(a.k.a. U-Shaped Cells, Work Cells) (1) Generally a horseshoe or U-Shaped work area layout that enables workers to easily move from one process to another in close proximity and pass parts between workers with little effort. "Cells" typically focus on the production of specific models in "part families" but can be adjusted to many different products as needed.
(2) Arranging machines in the correct process sequence, with operators remaining within the cell and materials presented to them from outside.
Cellular Manufacturing is a model for workplace design, and has become an integral part of lean manufacturing systems. Cellular Manufacturing is based upon the principals of Group Technology, which seeks to take full advantage of the similarity between parts, through standardisation and common processing. In Functional Manufacturing similar machines are placed close together (e.g. lathes, millers, drills etc.). Functional layouts are more robust to machine breakdowns, have common jigs and fixtures in the same area and supports high levels of demarcation. In Cellular Manufacturing systems machines are grouped together according to the families of parts produced. The major advantage is that material flow is significantly improved, which reduces the distance travelled by materials, inventory and cumulative lead times.

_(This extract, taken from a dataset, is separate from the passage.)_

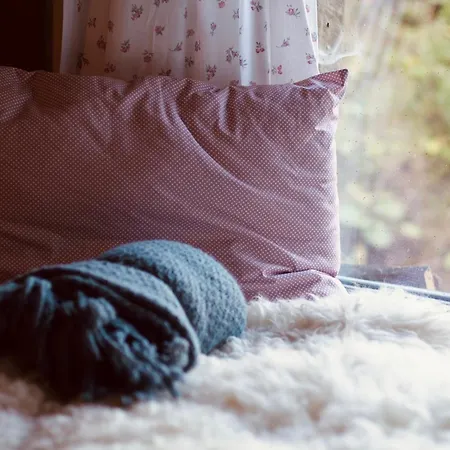 Na Samote Pod Skalou - Digitalny Detox * Velicna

Cellular Manufacturing employs setup reduction and gives the workers the tools to be multiprocess, operating multiple processes, and multifunctional, owning quality improvements, waste reduction, and simple machine maintenance. This allows workers to easily self-balance within the cell while reducing lead times, resulting in the ability for companies to manufacture high quality products at a low cost, on time, and in a flexible way.
The goal of lean manufacturing is the aggressive minimisation of waste, called muda, to achieve maximum efficiency of resources. Cellular manufacturing, sometimes called cellular or cell production, arranges factory floor labor into semi-autonomous and multi-skilled teams, or work cells, who manufacture complete products or complex components. Properly trained and implemented cells are more flexible and responsive than the traditional mass-production line, and can manage processes, defects, scheduling, equipment maintenance, and other manufacturing issues more efficiently.